Zanardi E.*, Novelli E.**, Campaninni G.*, Madarena G.*, Chizzolini R.*
* Istituto di Scienza e Tecnologia degli Alimenti, Facoltà di Medicina Veterinaria, Università degli Studi di Parma, via del Taglio 8, 43100 Parma, Italy.
** Istituto di Patologia e Igiene Veterinaria, Facoltà di Medicina Veterinaria, Università degli Studi di Padova, Agripolis, 35020 Legnaro, Padova, Italy.
Mortadella is a finely minced cooked pork product obtained from lean cuts, such as shoulders and trimmings, mixed with emulsified fat, fat cubes obtained from the subcutaneous layer of the cheek and the neck (streaky bacon) and other additives. With the name of Mortadella Bologna it has been recognised as a D.O.P. product and it has been defined in a standard regulation (UNI, 1996).

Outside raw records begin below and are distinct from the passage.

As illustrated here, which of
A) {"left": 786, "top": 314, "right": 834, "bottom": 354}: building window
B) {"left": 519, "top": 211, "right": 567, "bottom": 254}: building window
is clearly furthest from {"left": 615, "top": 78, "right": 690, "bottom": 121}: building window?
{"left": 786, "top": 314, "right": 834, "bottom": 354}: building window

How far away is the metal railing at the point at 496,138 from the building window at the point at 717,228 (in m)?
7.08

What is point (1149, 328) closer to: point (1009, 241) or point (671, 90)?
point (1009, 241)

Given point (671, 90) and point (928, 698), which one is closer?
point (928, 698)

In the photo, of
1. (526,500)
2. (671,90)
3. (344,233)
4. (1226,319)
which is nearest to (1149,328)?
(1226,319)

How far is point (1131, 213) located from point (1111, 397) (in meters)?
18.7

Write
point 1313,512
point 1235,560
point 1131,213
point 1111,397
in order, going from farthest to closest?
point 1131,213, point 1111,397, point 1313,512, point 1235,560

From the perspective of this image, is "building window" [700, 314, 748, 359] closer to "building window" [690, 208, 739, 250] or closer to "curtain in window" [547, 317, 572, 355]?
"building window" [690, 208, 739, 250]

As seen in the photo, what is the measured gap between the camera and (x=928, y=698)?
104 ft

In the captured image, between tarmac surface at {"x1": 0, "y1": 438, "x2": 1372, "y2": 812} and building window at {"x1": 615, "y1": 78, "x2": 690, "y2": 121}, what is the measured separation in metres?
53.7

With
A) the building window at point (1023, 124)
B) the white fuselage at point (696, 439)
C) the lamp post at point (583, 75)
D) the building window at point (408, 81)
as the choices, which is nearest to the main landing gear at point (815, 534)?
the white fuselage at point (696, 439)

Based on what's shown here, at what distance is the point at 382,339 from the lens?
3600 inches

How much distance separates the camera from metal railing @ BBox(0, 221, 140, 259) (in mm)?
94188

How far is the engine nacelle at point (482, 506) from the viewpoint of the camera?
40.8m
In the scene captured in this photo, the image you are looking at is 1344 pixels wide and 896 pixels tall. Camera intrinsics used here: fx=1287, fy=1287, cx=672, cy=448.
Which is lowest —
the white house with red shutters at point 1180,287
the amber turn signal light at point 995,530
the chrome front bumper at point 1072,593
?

Its fat content ranges from 25% to 30% according to type and quality level. With such a fat content it has raised the concerns of nutritionally minded consumers and, therefore, the interest towards changes in composition, and the possible adaptations in production technology, has increased in latest years.
As mentioned in a previous paper dealing with fat reduction in salame Milano (Zanardi et al., 1998a), according to international medical institutions dietary fat intake should be controlled both as quantity of calories and as type of fatty acids introduced. Nutritional guidelines suggest that dietary fat should provide between 15 and 30% of total calories and that saturated fats should be limited between 0 and 10% of caloric intake (WHO, 1990). Limitation in fat intake is thought to play a preventive role against various chronic disorders, such as obesity and coronary heart diseases, and some types of cancers (Flatt, 1993; Reddy, 1995).

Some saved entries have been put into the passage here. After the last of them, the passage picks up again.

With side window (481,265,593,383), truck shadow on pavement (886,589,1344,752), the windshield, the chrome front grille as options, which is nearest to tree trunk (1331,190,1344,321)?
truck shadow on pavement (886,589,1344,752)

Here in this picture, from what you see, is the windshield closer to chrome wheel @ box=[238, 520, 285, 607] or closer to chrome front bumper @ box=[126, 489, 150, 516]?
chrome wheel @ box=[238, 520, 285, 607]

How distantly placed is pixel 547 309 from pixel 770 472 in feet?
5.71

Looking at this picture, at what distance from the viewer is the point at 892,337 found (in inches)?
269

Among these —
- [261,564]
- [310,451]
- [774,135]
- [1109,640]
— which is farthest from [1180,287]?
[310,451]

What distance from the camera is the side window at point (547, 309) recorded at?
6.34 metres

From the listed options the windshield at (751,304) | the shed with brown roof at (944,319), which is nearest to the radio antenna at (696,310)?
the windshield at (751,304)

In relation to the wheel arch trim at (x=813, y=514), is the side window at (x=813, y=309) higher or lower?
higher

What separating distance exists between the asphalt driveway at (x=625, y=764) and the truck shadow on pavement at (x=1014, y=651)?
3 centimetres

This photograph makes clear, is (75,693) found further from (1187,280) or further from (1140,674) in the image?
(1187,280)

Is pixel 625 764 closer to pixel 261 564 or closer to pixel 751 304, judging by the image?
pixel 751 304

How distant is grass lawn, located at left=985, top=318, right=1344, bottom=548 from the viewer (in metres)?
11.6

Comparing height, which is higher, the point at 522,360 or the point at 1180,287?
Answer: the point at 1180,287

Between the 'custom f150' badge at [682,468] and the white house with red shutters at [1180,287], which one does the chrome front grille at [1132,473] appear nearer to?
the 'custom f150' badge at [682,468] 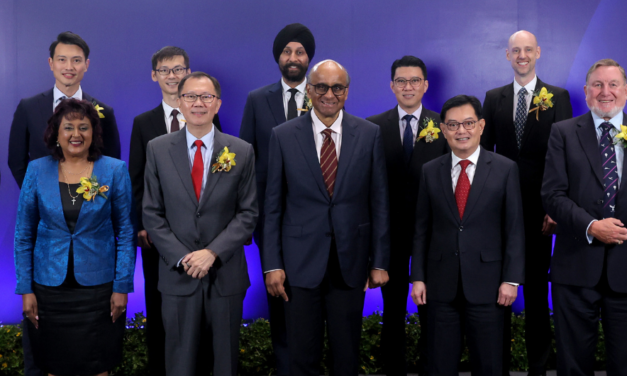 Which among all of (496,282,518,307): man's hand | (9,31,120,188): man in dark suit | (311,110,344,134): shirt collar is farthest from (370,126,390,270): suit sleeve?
(9,31,120,188): man in dark suit

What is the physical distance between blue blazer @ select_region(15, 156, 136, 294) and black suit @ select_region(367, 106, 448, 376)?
1.77 meters

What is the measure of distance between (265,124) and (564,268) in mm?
2181

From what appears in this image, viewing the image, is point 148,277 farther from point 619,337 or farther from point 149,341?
point 619,337

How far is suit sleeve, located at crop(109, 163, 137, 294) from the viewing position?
349 cm

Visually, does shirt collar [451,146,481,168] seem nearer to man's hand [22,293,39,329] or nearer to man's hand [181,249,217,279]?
man's hand [181,249,217,279]

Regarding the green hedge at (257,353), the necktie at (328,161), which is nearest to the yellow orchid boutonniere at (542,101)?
the necktie at (328,161)

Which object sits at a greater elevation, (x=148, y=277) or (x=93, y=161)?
(x=93, y=161)

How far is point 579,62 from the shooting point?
539cm

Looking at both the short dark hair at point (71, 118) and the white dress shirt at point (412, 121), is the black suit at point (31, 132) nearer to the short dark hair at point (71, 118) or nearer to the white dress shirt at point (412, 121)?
the short dark hair at point (71, 118)

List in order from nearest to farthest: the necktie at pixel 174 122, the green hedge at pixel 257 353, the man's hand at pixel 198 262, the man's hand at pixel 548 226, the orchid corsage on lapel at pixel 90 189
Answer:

Fat imparts a wide range of characteristics to foods, including desirable appearance, flavour, aroma, texture and mouthfeel and, therefore, reducing fat is not simply a matter of using less of it in the formulation. The production of low-fat meat products follows two main approaches: use of leaner raw materials or reduction of fat and calories by adding water and other ingredients with little or no calorie content. The first choice depends on the availability of suitable raw materials in term of composition and functionality. The reduction of fat levels in meat raw materials can be obtained through genetic and dietary modifications and/or through a number of physical techniques. Most of the currently available fat substitutes can be divided in three categories: protein-based (soy, surimi, dairy proteins, gluten, etc), carbohydrate-based (gums or hydrocolloids like carrageenans, alginates, starches, dextrins, cellulose derivatives) and fat-based substances (structured lipids, sucrose polyesters). Each of the fat mimetics has different functional properties that provide both advantages and limitations for specific applications.

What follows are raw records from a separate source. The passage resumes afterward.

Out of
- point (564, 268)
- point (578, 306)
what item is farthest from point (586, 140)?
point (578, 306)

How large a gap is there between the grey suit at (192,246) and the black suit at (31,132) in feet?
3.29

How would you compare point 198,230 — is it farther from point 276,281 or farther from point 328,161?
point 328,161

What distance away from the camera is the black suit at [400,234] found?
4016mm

On the lines of the previous study on salame Milano (Zanardi et al., 1998a), an investigation has been planned to test the possibility of producing mortadella with a fat content of about half the level of standard products. Mortadella can be considered representative of minced cooked ready to eat pork foods, e.g. frankfurter-type products, both as fat content and as production technology. For all of them the main problem is to maintain their typical quality attributes, otherwise low-fat items will not be accepted by the consumers.
The study included the measurement of peroxide number, TBARs and cholesterol oxidation products, due to the importance presently attributed to lipid oxidation for quality and human health reasons.
The technology that has been adopted to produce the different batches of mortadella has been described by Novelli et al. (1998). In detail, mortadella of normal fat content was produced in batches of 100kg each by mincing deboned shoulders (40%), porcine stomachs (25%) and 10% of fat emulsion (ice/fat/caseinate, 5/5/1). The minced raw materials were mixed with lard cubes from the streaky bacon (25%), salt (2.15 %), saccarose (1.28%), sodium caseinate (1.00%), polyphosphates (0.3%), sodium nitrite 50% in NaCl (0.2%), sodium ascorbate (0.1%), black pepper (0.1%), white pepper (0.04%), garlic (0.03%), nutmeg (0.02%) and macis (0.025%). The final batter was stuffed in 15cm diameter artificial casings (Viscosa) (15kg approximately per piece). Cooking took place in dry owens, set at 85°C, up to 72 °C core temperature and was followed by cooling under water sprays and refrigeration in cold rooms at 4 °C. Such a recipe was considered as representative of standard production for mortadella with a fat content of about 25%.
The recipe of a standard product was modified in various ways to test the possibility of different substances to reduce fat content below 20% and down to about 15%.
Standard lard cubes quota (i.e. 25%) was reduced to values ranging from 15% to 10%. The aim was that of preserving as much as possible the traditional aspect of cut surfaces while, at the same time, reducing the total amount of fat present. In such a way, though, fat content could only be reduced of a maximum value of about 5% since lard cubes provide approximately 10% fat to the final product.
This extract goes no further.